Eleftherios Venizelos then made this noteworthy statement to Athenian journalists: “ Please write that water and electricity supply constructions were made only thanks to the financial support of locals, on the basis of a sui generis law forced and issued by the municipality of Larissa. You should also call mayors of all Greek cities to use Larissa as a perfect example of how to run municipal projects” [3].

During the next years EIIL doubled the per capita water supply and Larissa became the city with the highest per capita water consumption in provincial Greece. The initiative of Larissa residents more than 80 years ago is a model of how local communities should manage goods necessary for human life, like water and electricity.

The case of Thessaloniki, the second largest city in Greece, is very much similar to that of Athens. The water supply facilities of the city were built under Ottoman rule in 1888 and the city’s water supply was bestowed by imperial order upon the Turkish businessman Hamdi Efendi, who founded a company relying on Belgian capital under the name “Ottoman Water Company of Thessaloniki” that operated alongside the municipal water supply system until 1939.

There was thus an informal coexistence of both the private and public sectors in Thessaloniki’s water supply, as, after the big wave of Greek refugees caused by the destruction of Smyrna in 1922, the Belgian company manufactured an entire internal network of water supply. Three years earlier, the municipality had undertaken, for the first time ever, the chlorination of water cisterns and aqueducts in the city.

In 1939 the “Organization of Thessaloniki Water Supply” (OYTH) was established. It bought the “Ottoman Water Company of Thessaloniki” and took over all water supply facilities. The transition from private ownership to the municipality was a relatively smooth process, something that also happened in Athens as it continued expanding (both in population and expected profits) many years later. OYTH was renamed “Water Supply and sanitation Company of Thessaloniki” (EYATH) in 1998, after the merger of OYTH and OATH (Sanitation Organization of Thessaloniki).

The grand plan of “nationalization of Greece” started in the early 1950s. The “Power” company that had the exclusivity of electricity production and distribution in Athens was redeemed by the Greek state and the “Public Power Corporation” (DEI). The same happened also with telecommunications with the “Greek Telecommunications Organization” (OTE) and other services such as transport and airlines. However water remained in private hands.

The destruction of basic infrastructure during World War II and the retention of main water supply sources of Athens under private ownership by ULEN, caused various water shortage incidents in the city.
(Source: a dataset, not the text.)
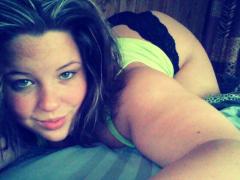 ★ VANESSA ★ Come PLAY with Me Thick & Kreme Busty 52" B@@tie *80* SPECIALS 223967, 20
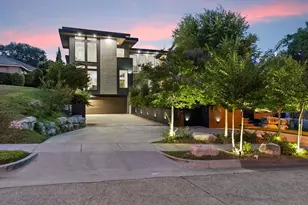 423 W Colorado Blvd, Dallas, TX 75208 - Photo 39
Water was gradually redefined as social product in almost all European countries and this couldn't be different in Greece. It was only in 1974 that a full transfer of the water supply to the ownership of the “Greek Water Supply Company” (EEY) occurred, whereas in 1980 the institutional framework completely changed regarding water supply and sanitation in Athens, after the merger of EEY and OAP (Sanitation Organization of Athens) and the creation of the “Water Supply and Sanitation Of The Capital” (EYDAP).

It is now EYDAP that, 33 years after its birth, along with EYATH, are being conveyed by the Greek State to the Hellenic Republic Asset Management Fund (HRADF, also known by its Greek acronym TAIPED) in order to be sold once again to the private sector.